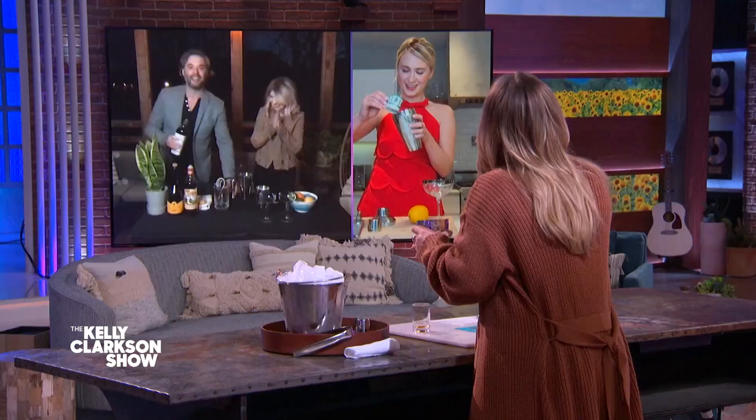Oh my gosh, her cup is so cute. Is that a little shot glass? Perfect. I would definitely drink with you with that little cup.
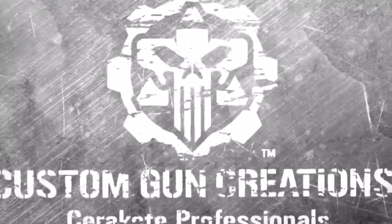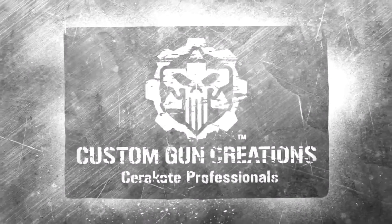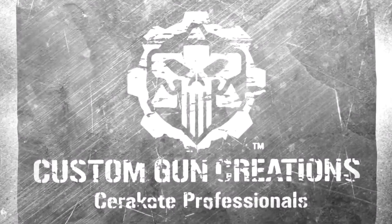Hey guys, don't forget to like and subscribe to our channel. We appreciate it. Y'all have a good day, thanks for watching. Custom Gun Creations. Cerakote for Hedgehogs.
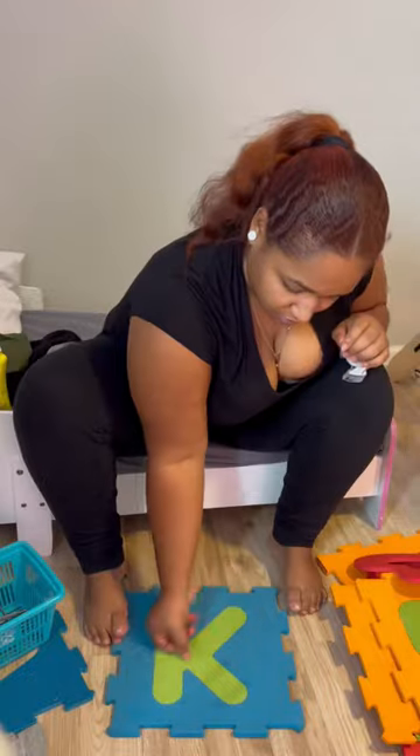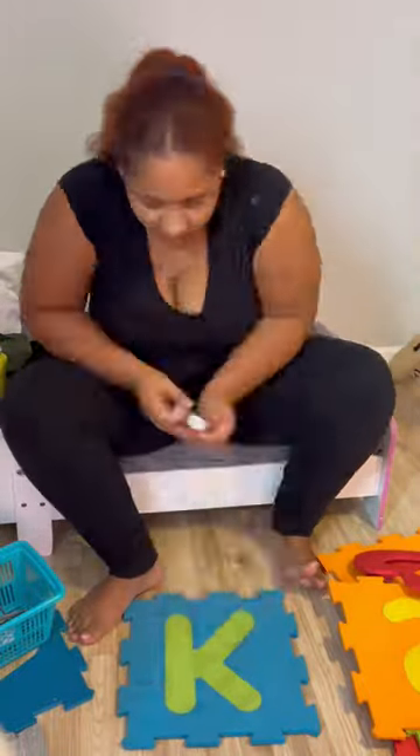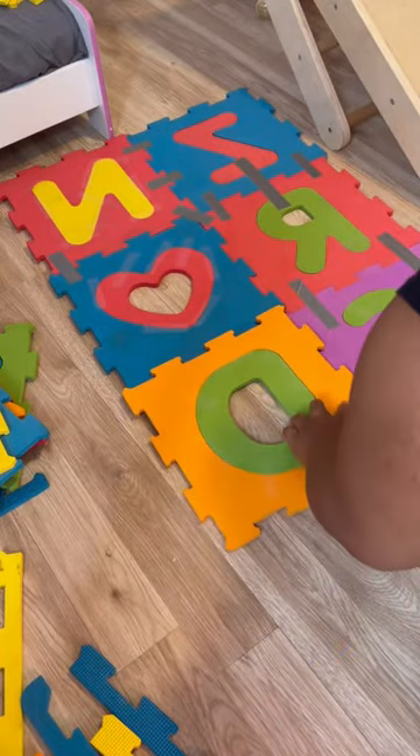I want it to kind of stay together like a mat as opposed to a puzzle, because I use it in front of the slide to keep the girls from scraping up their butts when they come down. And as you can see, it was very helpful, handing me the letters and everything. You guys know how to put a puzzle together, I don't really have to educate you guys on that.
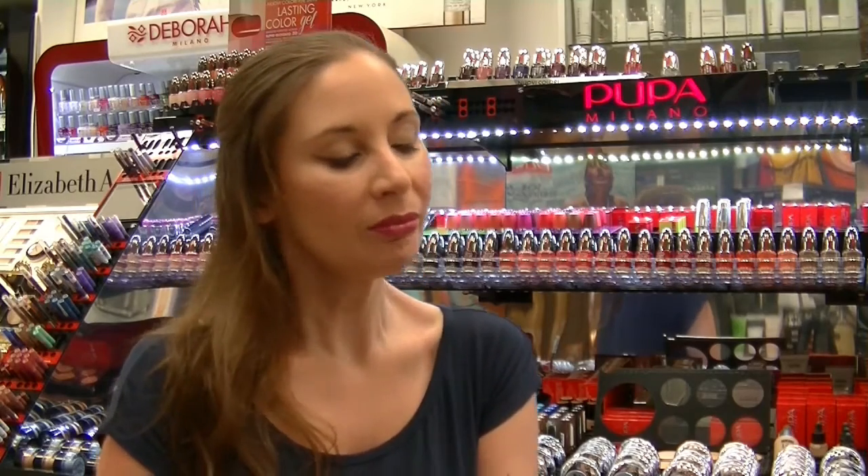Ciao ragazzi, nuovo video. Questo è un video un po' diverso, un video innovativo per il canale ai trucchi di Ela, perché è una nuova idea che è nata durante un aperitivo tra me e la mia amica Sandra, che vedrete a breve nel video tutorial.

········

## Exercise
Retype the whole listing exactly and leave the pictures out.

## Answer for this exercise
Oh my gosh, her cup is so cute. Is that a little shot glass? Perfect. I would definitely drink with you with that little cup.
Hey guys, don't forget to like and subscribe to our channel. We appreciate it. Y'all have a good day, thanks for watching. Custom Gun Creations. Cerakote for Hedgehogs.
I want it to kind of stay together like a mat as opposed to a puzzle, because I use it in front of the slide to keep the girls from scraping up their butts when they come down. And as you can see, it was very helpful, handing me the letters and everything. You guys know how to put a puzzle together, I don't really have to educate you guys on that.
Ciao ragazzi, nuovo video. Questo è un video un po' diverso, un video innovativo per il canale ai trucchi di Ela, perché è una nuova idea che è nata durante un aperitivo tra me e la mia amica Sandra, che vedrete a breve nel video tutorial.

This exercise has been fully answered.